◆ **DIRECTIONS FOR THIS TASK**
Please print nothing but the lines from the one containing "So guys, we" to the final line below, exactly, and no pictures.

=== Begin Enclosure ===

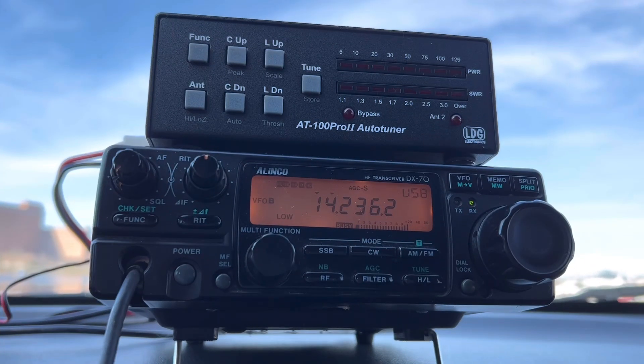This thing tuned up with my LDG AT100 Pro 2 auto tuner — doing it well. I'm going to be running 100 watts. This antenna is rated at 100 watts. I'm going to be using my Alinco DX70. Let's see if we can make some contacts.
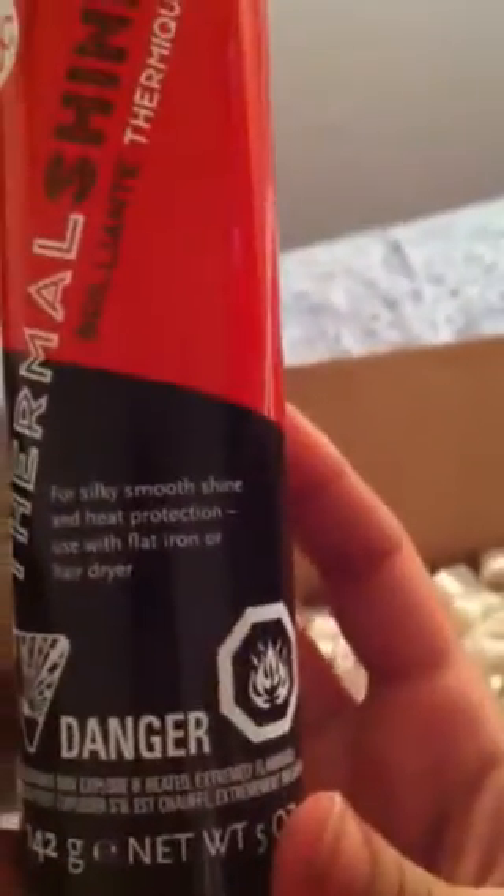So I got 10% off my next purchase — right there. There's Flat Iron Experts again. This is the free thermal shine that they send. This is the heat protectant from KQC.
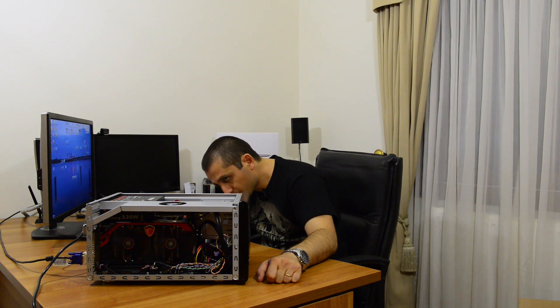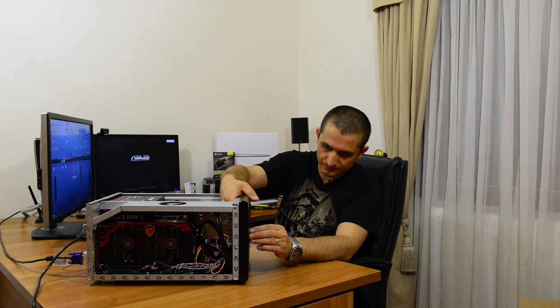So guys, we have finished building up this PC. Let's take a look at the screen to see if it's going to start. We turn on the power supply, press the button, and everything appears to be working. It's starting up — very good. It's even loading into the operating system, which was pre-installed on the SSD previously.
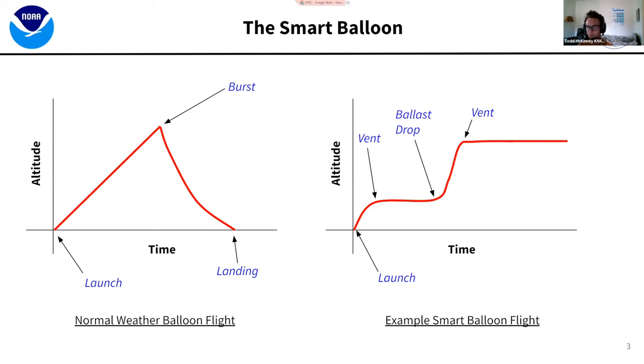Your standard weather balloon launch: you go up, you burst, you come down, your parachute catches, and you land — that's your classic normal balloon flight, nice and simple. With the Smart Balloon, you have a lot of different options. You can launch and vent — essentially removing helium from the balloon to reduce your lift — and that allows you to float. Then if you want to go back up, you can do a ballast drop, reducing mass from your payload to generate more positive lift.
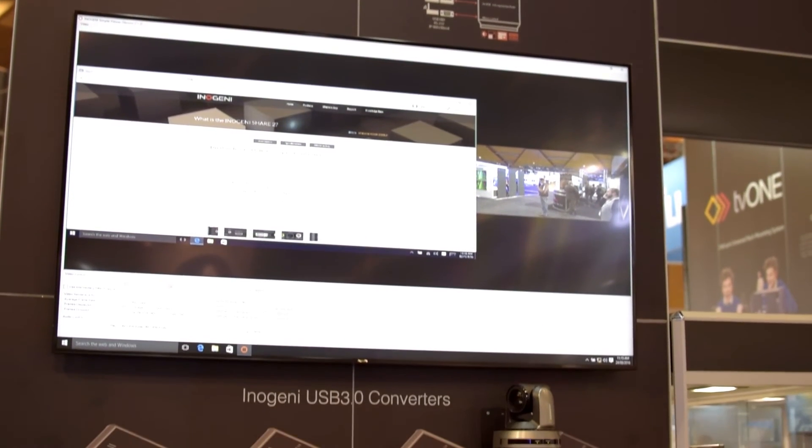You'll see there are a couple of other vendors here at the show that are actually using Intergeny equipment on their stand for various devices — from audio consoles to various touch screens — because it's just so fluid and works with whatever's plugged into it.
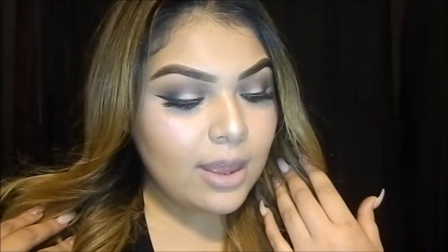Welcome back to my channel. Today I'll be showing you how to create this Valentine's look for you. If you want to learn how to create it, then just keep on watching.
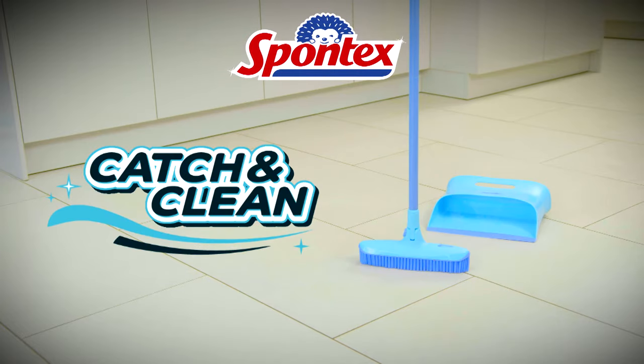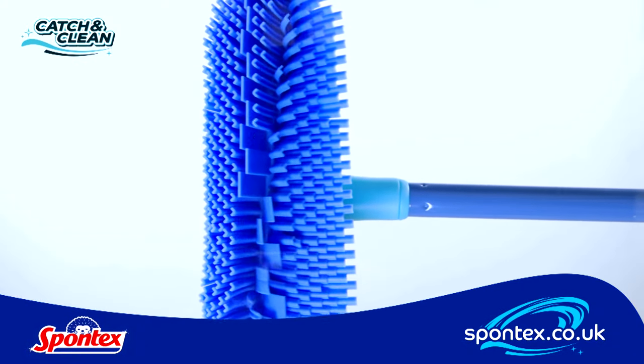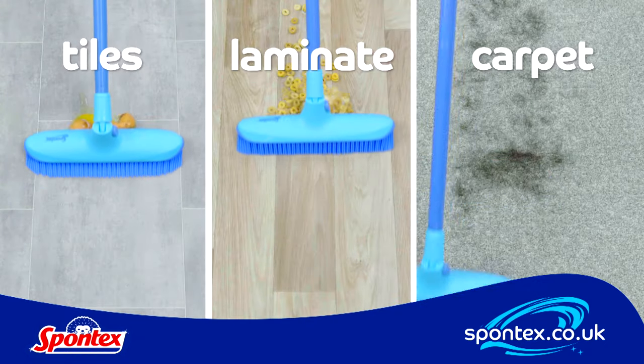Presenting the Spontex Catch and Clean Broom and Dust Pan. Catch and Clean is convenient and efficient thanks to clever bristles. It's fantastic for pet hair and perfect for dry and wet mess on all types of floors too.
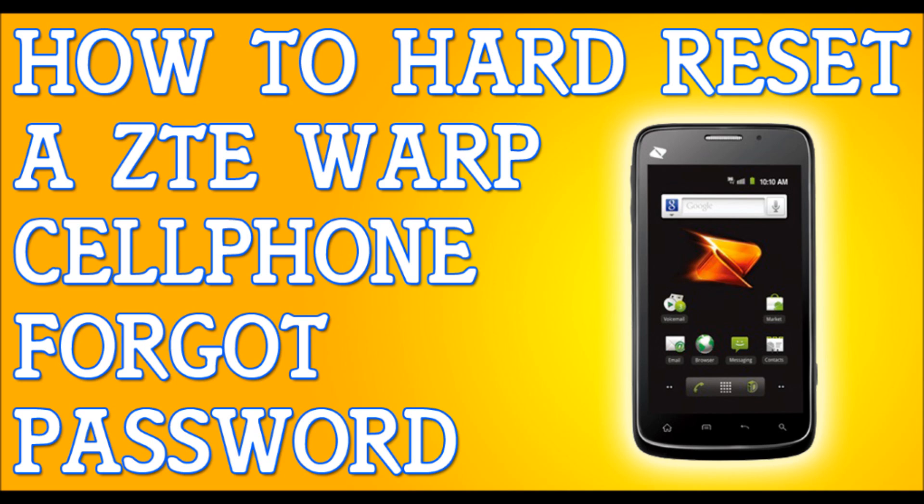When I say it's going to erase everything, I mean it's going to erase your emails, your contacts, your messages, your apps — it's going to erase everything. So back up your files.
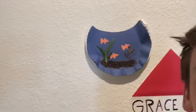Welcome back to Grace Plays YouTube. For this activity we're going to make the fishbowl craft that you see right over my shoulder.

=== End Enclosure ===

◆ **TASK RESPONSE**
So guys, we have finished building up this PC. Let's take a look at the screen to see if it's going to start. We turn on the power supply, press the button, and everything appears to be working. It's starting up — very good. It's even loading into the operating system, which was pre-installed on the SSD previously.
Your standard weather balloon launch: you go up, you burst, you come down, your parachute catches, and you land — that's your classic normal balloon flight, nice and simple. With the Smart Balloon, you have a lot of different options. You can launch and vent — essentially removing helium from the balloon to reduce your lift — and that allows you to float. Then if you want to go back up, you can do a ballast drop, reducing mass from your payload to generate more positive lift.
You'll see there are a couple of other vendors here at the show that are actually using Intergeny equipment on their stand for various devices — from audio consoles to various touch screens — because it's just so fluid and works with whatever's plugged into it.
Welcome back to my channel. Today I'll be showing you how to create this Valentine's look for you. If you want to learn how to create it, then just keep on watching.
Presenting the Spontex Catch and Clean Broom and Dust Pan. Catch and Clean is convenient and efficient thanks to clever bristles. It's fantastic for pet hair and perfect for dry and wet mess on all types of floors too.
When I say it's going to erase everything, I mean it's going to erase your emails, your contacts, your messages, your apps — it's going to erase everything. So back up your files.
Welcome back to Grace Plays YouTube. For this activity we're going to make the fishbowl craft that you see right over my shoulder.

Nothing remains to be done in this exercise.